We now have the dataset of pretty accurate weather forecasts for a given area, spaced by 6 hours:

In [None]:
%%bigquery historical_forecast --project {PROJECT_ID}

SELECT geography, forecast.time, forecast.total_precipitation_6hr, forecast.`2m_temperature`, forecast.`prev_2m_temperature`
  FROM weathernext_graph_derived.historical_local_forecast
  WHERE forecast.prev_2m_temperature IS NOT NULL
  ORDER BY ST_ASBINARY(geography), forecast.time LIMIT 20


In [None]:
display(historical_forecast)

### Move extracted weather data to the location of bus stop data

If your bus stop data resides in the "US" BigQuery location then there is no need to do anything because the weather and the bus stop data are co-located and can be joined in the same query.

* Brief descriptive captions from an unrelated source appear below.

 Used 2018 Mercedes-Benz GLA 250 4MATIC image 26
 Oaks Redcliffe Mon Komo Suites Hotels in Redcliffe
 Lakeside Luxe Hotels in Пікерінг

Otherwise you will need to copy the extracted weather data. You can do that by using [cross-regional table copy](https://cloud.google.com/bigquery/docs/managing-tables#copy_tables_across_regions) capabilities of BigQuery.

In [None]:
%%bigquery --project {PROJECT_ID} --location {REGION}

CREATE SCHEMA IF NOT EXISTS multimodal;

DROP TABLE IF EXISTS multimodal.historical_local_forecast;

In [None]:
! bq cp -f -n '{PROJECT_ID}:weathernext_graph_derived.historical_local_forecast' '{PROJECT_ID}:multimodal.historical_local_forecast'

# Generate ridership data

Let's assume that bus ridership depends on a number of factors - time of day, day of week, temperature and precipitation. We will generate a synthetic data set of bus ridership for several bus stops.

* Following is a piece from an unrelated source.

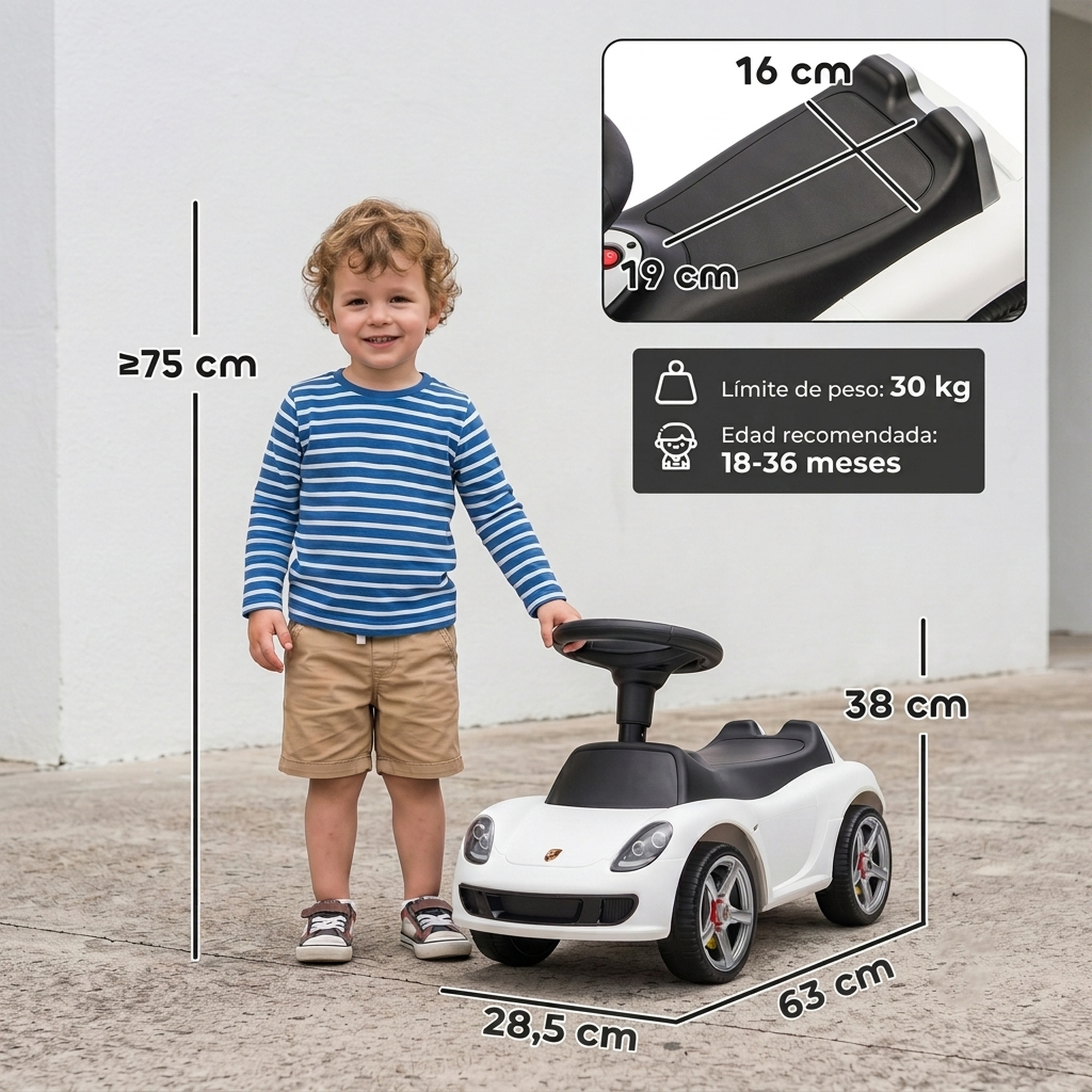 Niño de pie junto a un coche de juguete blanco, con medidas y especificaciones superpuestas.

### Create ridership table

In [None]:
%%bigquery

DROP TABLE IF EXISTS `multimodal.ridership`;

CREATE TABLE `multimodal.ridership`
  (bus_stop_id STRING, event_ts TIMESTAMP, temperature FLOAT64, total_precipitation_6hr FLOAT64, num_riders INT64)
  CLUSTER BY bus_stop_id;

### Generate ridership events


We will generate synthetic ridership events based on a simple approach - generate an array of timestamps in the past, use an array with a couple of bus stops with some metadata (location, typical number of passengers, times of day and week these bus stops are typically busy, etc.). We will use real weather prediction data based on the time stop location and the time point to determine the likely temperature and precipitation. A temporary function will take all the metadata and the weather data and generate the number of riders.

Let's define a SQL function which approximates the temperature at a particular point in time. This function uses linear approximation between two forecasted temperatures 6 hours apart. This is not a perfect approximation formula for temperatures and can be replaced with more sophisticated one if needed.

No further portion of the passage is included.